Eso sí, eso te obliga a recuperar la película en otro pase. Volví a la proyección de The Assassin y, para mi sorpresa, allí estaban los mismos colegas del primer pase. Ellos no se habían dormido. Estaban tan extasiados que repetían. Vale.

La sala de drogas del café

Si Escohotado revisa su monumental Historia general de las drogas, creo que debería reservar un espacio para la Zona Nespresso de la sala Lumiére del Palais. El aluvión de adictos que corren a tomar la barra tras el pase matinal de las ocho y media de la mañana, como plaga de langosta, adquiere urgencias dignos de los fumaderos de opio chinos. Me quedé con la estampa de una señora nonagenaria que regateaba como Messi y exhibía un cartel de prioridad. En el menú de cafés, yo me he hecho adicto al ristretto de intensidad 14. Mis colegas me aclaran que lo de la intensidad es solo por el sabor. Pero a mí el placebo me funciona. Uno, dos, tres ristrettos. Y ya no se me resiste ni Hou Hsiao-hsien y sus princesas de mañas marciales.

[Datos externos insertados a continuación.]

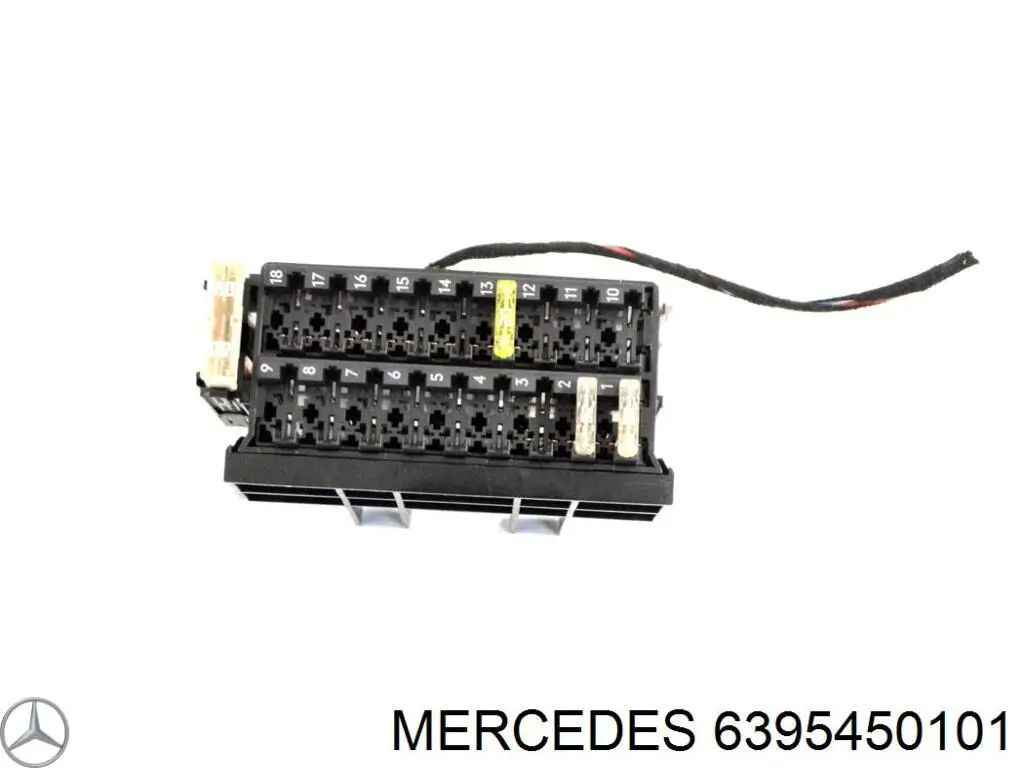 6395450101 Mercedes Unidade de dispositivos de segurança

Otro principio que reivindico desde hace años es el del derecho a la manifestación sonora al término de las películas. Ya casi no se abuchea. La sala se va vaciando entre el silencio funcionarial de críticos que han pasado un día más en la oficina. En el derecho al pataleo coincido con un nostálgico Jaume Figueras, con los queridos Imma Merino o Angel Quintana. En Berlín prosperó en febrero la castiza etiqueta de «¡Golfo!» gritada al final de la proyección del filme de maldad pesadillesca de Terrence Malick. En Cannes nos irritó Gus Van Sant («¡Iluminado!»), aunque la palma se la llevó una hipster insufrible llamada Maïwenn, protegida de este festival, que nos castigó con algo muy cabreante llamado Mon Roi (en la foto). En el fundido a negro final sonó nuestra protesta: «¡Nepotismo!». Tuvo su éxito. Además de mucha prensa española, a la mañana siguiente el francés Libération arrancaba su crónica destacando que Mon Roi fue acogida al grito de... «¡Egotisme!».

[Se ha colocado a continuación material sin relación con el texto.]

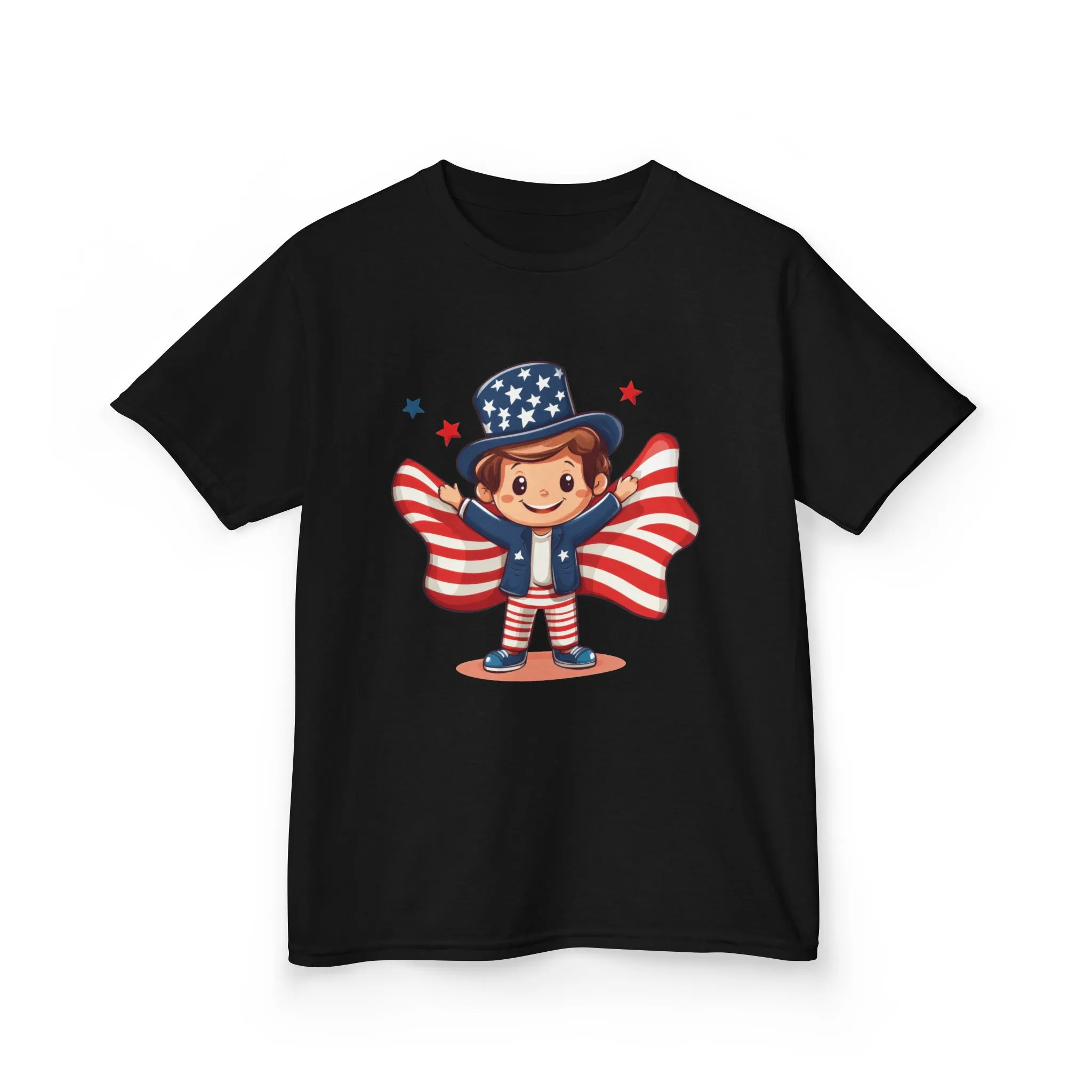 4th of July Kids T-Shirt,Kids Unisex Patriotic Tee, American Flag Outfit for Boys and Girls, Independence Day Shirt, Cute American Shirt - Image 15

Compro la tergiversación: Cannes es una fuerza de la naturaleza decidida y no sé si voluptuosamente egotista. Desde el aterrizaje, frente a las no miradas de las damas altísimas, que recorren La Croisette bucando yachtmen o productor con posibles, hasta ese momento final en el cual los Coen hincan la rodilla ante la grandeur y se ganan media Legión de Honor dándole casi todos los premios al mal cine francés con el que este año se nos ha hecho comulgar.